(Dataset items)
....................
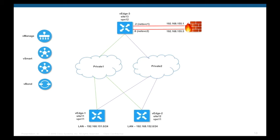In previous videos, we looked at configuring service chaining as well as multi-service chaining with Viptela. In all those videos, all the devices were part of the same VPN. In this video, we'll look at configuring service chaining between two sites through a firewall, which is connected to the third site but in a very different VPN. That is the topology we'll be using for this demo.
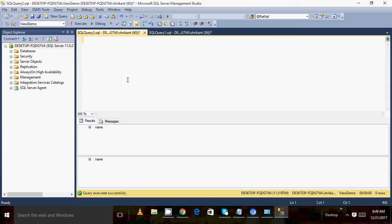Welcome back. This is a continuation video of the last video on the MERGE statement in SQL Server. We have discussed what the MERGE statement is and all the cases. Just to recap the cases we discussed in the last video:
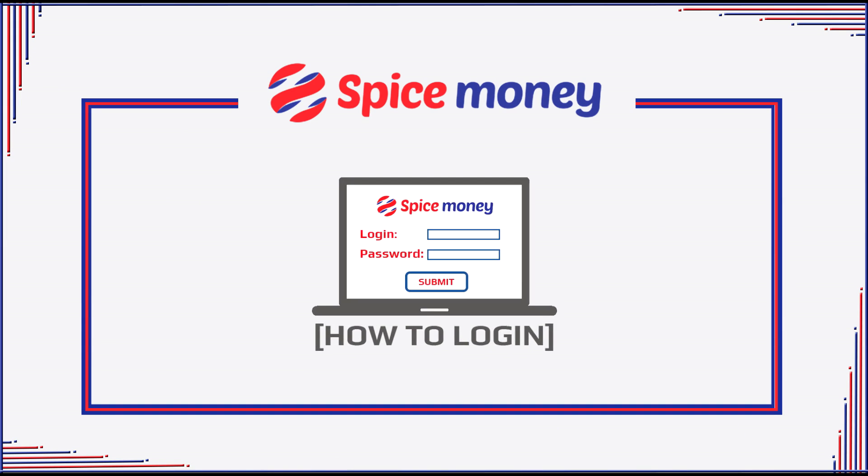Hello agent. This tutorial will guide you to login into Spice Money web portal using your Spice Money agent ID and password.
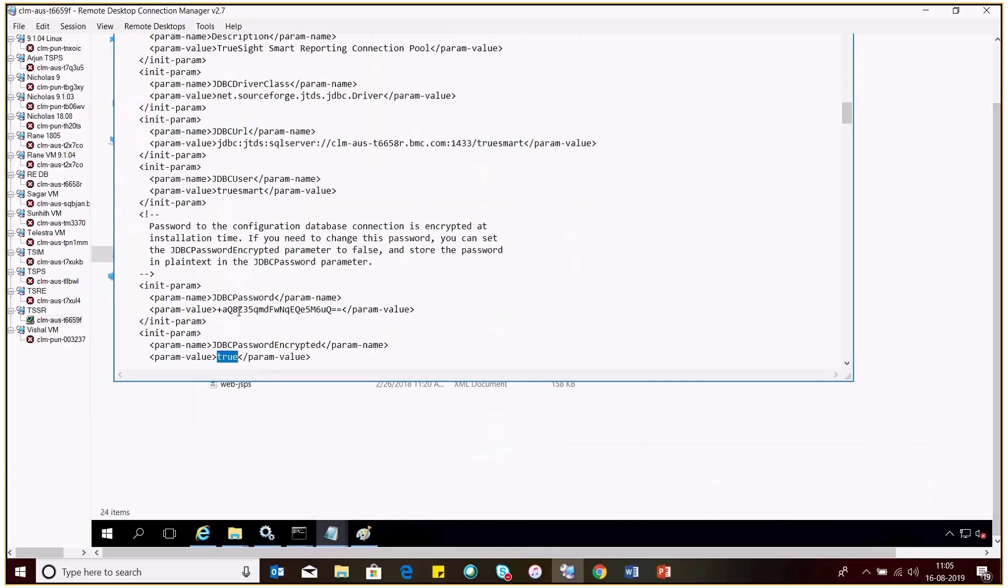Here you need to enter the password in the encrypted format. Also make sure that JDBC password encrypted is set to true.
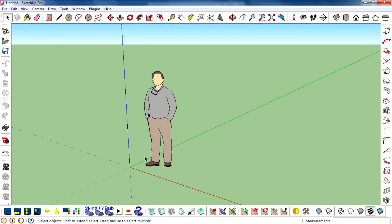Hey what's up bros, I'm Rahul and today I'm gonna be teaching you how to install plugins in SketchUp.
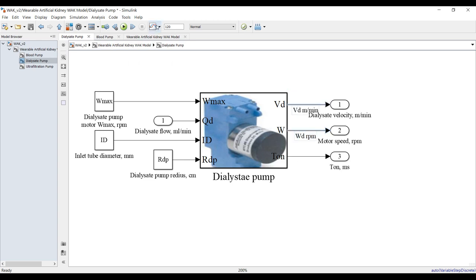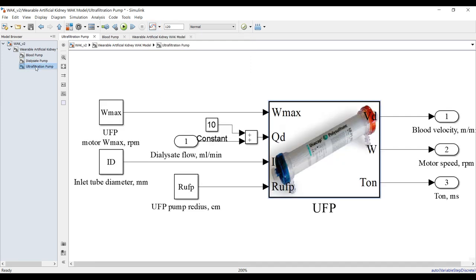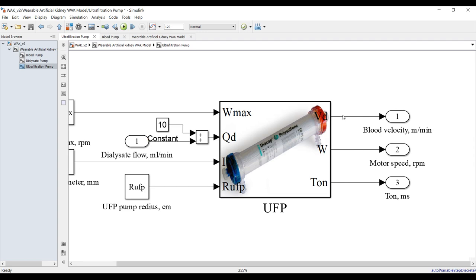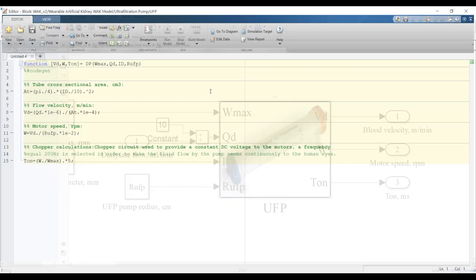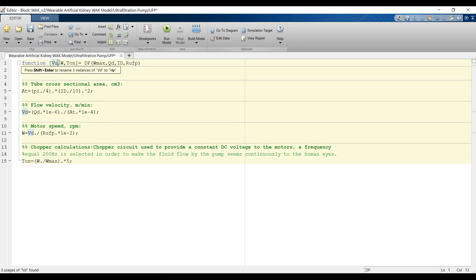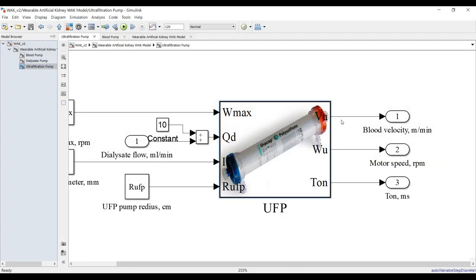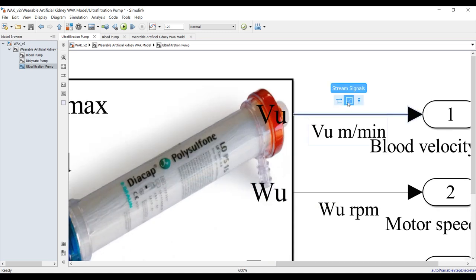I need to select this output and send it to the Data Inspector. The same for the dialysis pump: VD in meters per minute and WD in RPM, to compare. For the ultrafiltration pump: VU in meters per minute and WU in RPM. To send to the Data Inspector, click here — you can do it from here or from here.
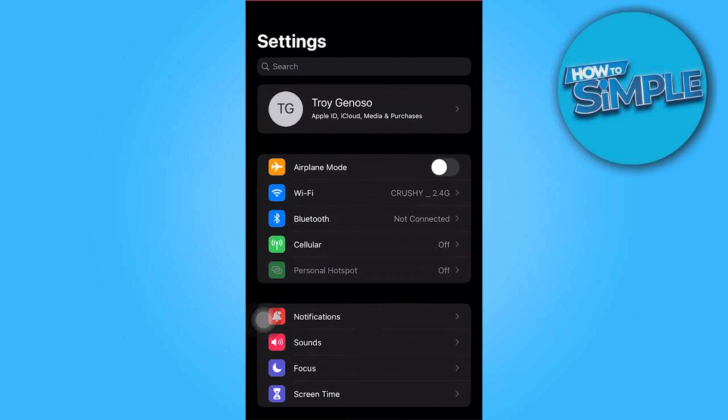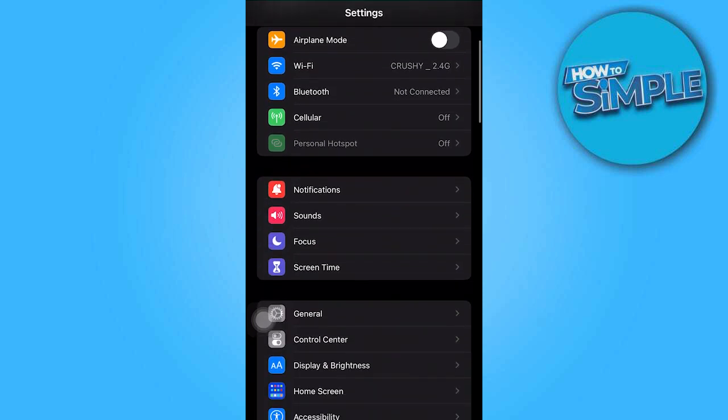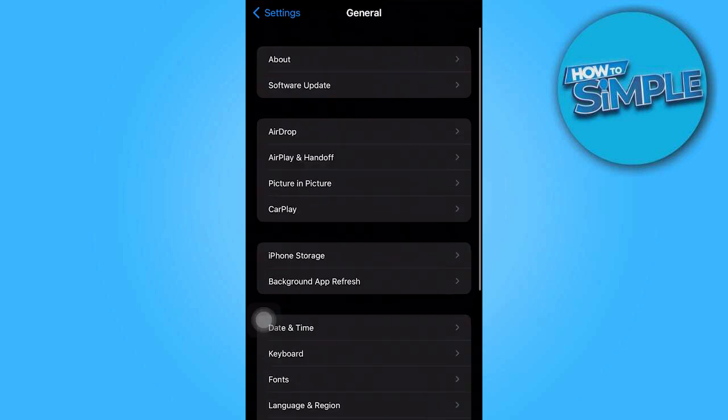So now, let's go to the settings, then we must find general, then once there, tap on iPhone storage.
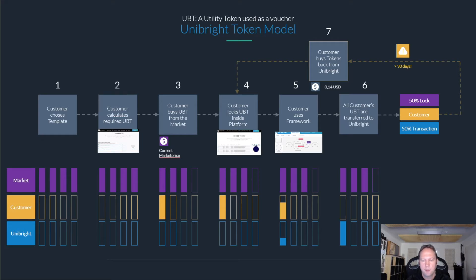Of course there are tokens involved when it comes to paying blockchain transactions — for example, gas costs in Ethereum or transaction costs in other distributed ledger technologies that may be part of a business process.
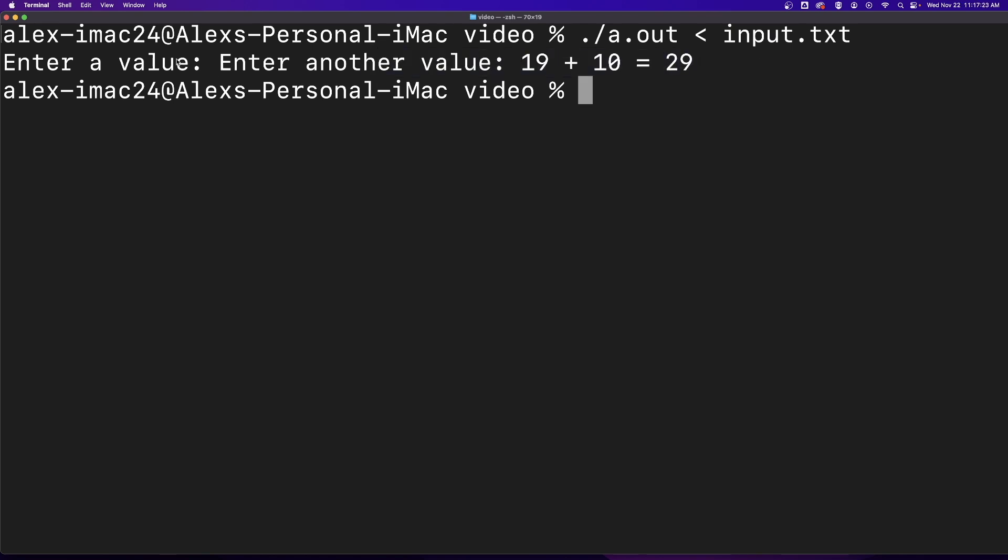But you notice you will no longer have newlines after the values are entered. So if you want to have your prompts on separate lines, you must enter in those newlines yourself.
....................
## WORK INSTRUCTION:
Could you print all of the entries above exactly as written, minus the pictures?

## RESULT:
In previous videos, we looked at configuring service chaining as well as multi-service chaining with Viptela. In all those videos, all the devices were part of the same VPN. In this video, we'll look at configuring service chaining between two sites through a firewall, which is connected to the third site but in a very different VPN. That is the topology we'll be using for this demo.
Welcome back. This is a continuation video of the last video on the MERGE statement in SQL Server. We have discussed what the MERGE statement is and all the cases. Just to recap the cases we discussed in the last video:
Hello agent. This tutorial will guide you to login into Spice Money web portal using your Spice Money agent ID and password.
Here you need to enter the password in the encrypted format. Also make sure that JDBC password encrypted is set to true.
Hey what's up bros, I'm Rahul and today I'm gonna be teaching you how to install plugins in SketchUp.
I need to select this output and send it to the Data Inspector. The same for the dialysis pump: VD in meters per minute and WD in RPM, to compare. For the ultrafiltration pump: VU in meters per minute and WU in RPM. To send to the Data Inspector, click here — you can do it from here or from here.
So now, let's go to the settings, then we must find general, then once there, tap on iPhone storage.
Of course there are tokens involved when it comes to paying blockchain transactions — for example, gas costs in Ethereum or transaction costs in other distributed ledger technologies that may be part of a business process.
But you notice you will no longer have newlines after the values are entered. So if you want to have your prompts on separate lines, you must enter in those newlines yourself.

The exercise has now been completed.